5 Şubat 2010 Cuma

Fenerbahçe'ye bir haller oluyor!

İlk yarıyı lider kapamış olmasına rağmen ligin devre arası tam zamanında Fenerbahçe'nin imdadına yetişmişti. Ne takım kondisyonu, ne istek, ne de takım için organizasyon izleyenleri tatmin etmiyordu. Açıkçası bu görüntü doğru yerlere doğru transferler yapılmazsa ikinci yarıda da devam edecek gibi gözüküyordu. Tüm bunların üzerine bir de daha devre arası kampı başlamadan Önder ve Kazım olayları patlak verdi. Takımın neredeyse tek yerli stoperi durumundaki Önder'in kadro dışı kalmasıyla, Bilica ve Lugano'nun kart görme potansiyeli göz önüne alındığında Fenerbahçe'nin acilen kapatması gereken gereken çok önemli bir cephe daha açılmıştı. Kazım zaten yerini Mehmet Topuz'a çoktan kaptırmış gibiydi ancak yine de Topuz'un henüz istenilen performansa ulaşmamış olması Toulouse a kiralık giden Kazım'ı da zorlu geçecek ikinci yarıda aranılan bir adam haline getirebilirdi. Semih'in sözleşme sorunsalı ve yine basında dönen onca isme rağmen tamamlanabilen tek transferin Trabzon'da sorunlar yaşayan ve pek de başarılı olamayan Gökhan Ünal olması da bunlara eklenince Fenerbahçe'nin devre arasında iyiden iyiye gerde kaldığı düşünüldü. Bu şekilde değil şampiyon olmak, Şampiyonlar Ligi vizesi almak bile çok zor gözüküyordu. Üstelik bu sorunlar devam ederken en büyük rakip Galatasaray Haldun Üstünel önderliğinde İngiltere Premier Ligi'ni ablukaya alıp arka arkaya bir dönemler Fenerbahçe taraftarının kendi takımlarında görmeye alışık olduğu transfer bombalarını patlatıyordu, önce Jo akabinde de Giovanni dos Santos ile. İyi olduğu zaman da, kötü olduğu zaman da spor medyasının bir numaralı gündem maddesi olan Fenerbahçe bu değişmez ünvanını ezeli rakibi Galatasaray'a kaptırmıştı. Özetle, ligin ikinci yarısı Ziraat Türkiye Kupası karşılaşmalarıyla başlarken Fenerbahçe'nin lider olmasına rağmen, fikstür avantajı var denmesine rağmen rakiplerine kıyasla kağıt üzerindeki durumu hiç mi hiç iyi değildi.

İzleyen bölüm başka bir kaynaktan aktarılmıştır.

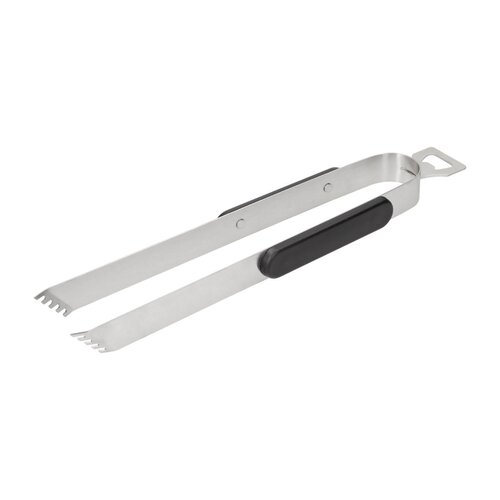 Grillzange "Opener" mit Kapselheber, 35 cm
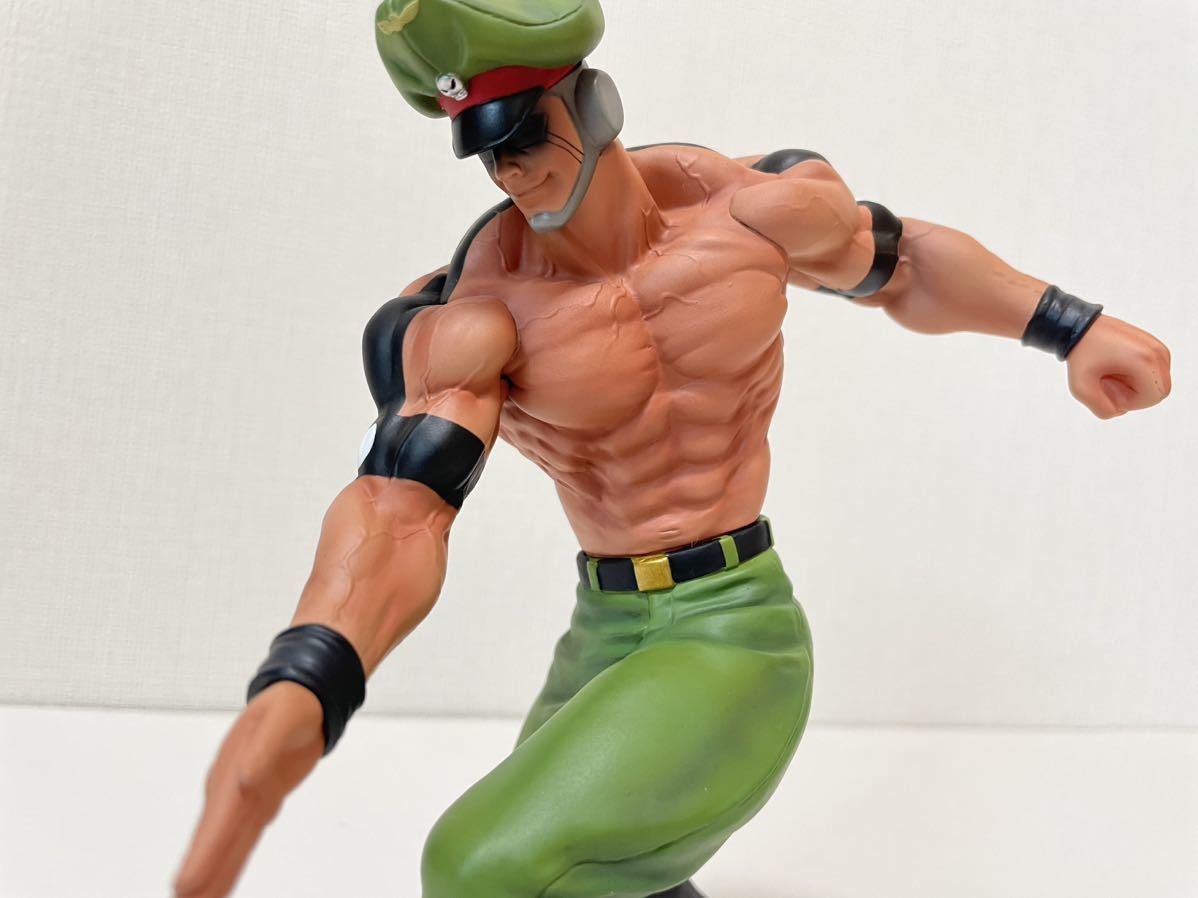 キン肉マン CCP ブロッケンJr. 2.0 原作カラー□スパイスシード キン肉マン CCP ブロッケンJr. 2.0 原作カラー□スパイスシード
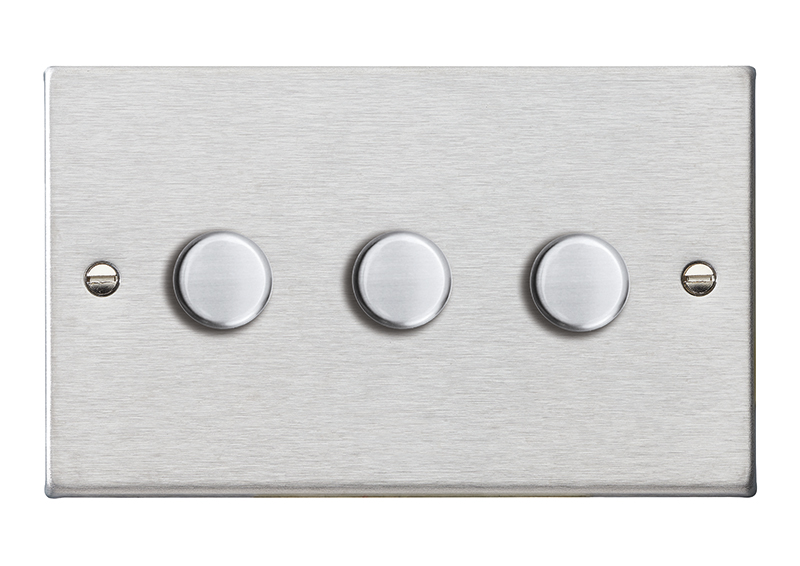 Hart SS 3g LEDITB250 2 way Dimmer SS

Ancak Ziraat Türkiye Kupası karşılaşmaları ve akabinde berbat bir zeminde oynanan Denizli maçı beklentileri çürütür nitelikte çıkınca herkes şöyle bir kıpırdanmaya, doğrulmaya başladı oturduğu koltukta. Bir şeyler oluyordu takımda ama ne? Ziraat Kupası maçları zaten zayıf rakiplerleydi ve takım zaten üst turu garantilemişti. Denizli maçı da son dakika golleriyle kurtarılmıştı zaten. Tamam belki mücadele gücü yüksekti takımın ama böyle berbat bir zemindeki oyuna iyi niyete rağmen futbol demek mümkün değildi. Fakat Sivas'taki 5 gol, üzerine Bursaspor karşısındaki muhteşem ilk devre performansı ve 3-0'lık galibiyet Fenerbahçe'nin yeniden ciddi şekilde mercek altına alınmasını gerektirdi. Zira ilk devre Fenerbahçe adıyla oynayan takım bu değildi; transfer yapılmadan neredeyse bütün takım değişmişti. Ben de bu değişimi ve sebeplerini düşündüm dün akşam Bursa karşılaşmasını izlerken. Notlar aldım ve bu Fenerbahçe'yle ligin ilk yarısındaki veya önceki senelerdeki Fenerbahçe arasında ne farklar var belirlemeye çalıştım. Sonuç şöyle çıktı:

1- İstek:  İstek her futbolcuda var olan hırsı ortaya çıkaran ve sahaya yansıtmasını sağlayan esas faktördür.  Fenerbahçe'li futbolcular son 4 maçtır çok istekli olduklarını gösterdiler. Soru şu: Bu istek maçtan maça gelişen bir istek mi yoksa daha uzun bir hedefi mi var bu isteğin, şampiyonluk gibi...?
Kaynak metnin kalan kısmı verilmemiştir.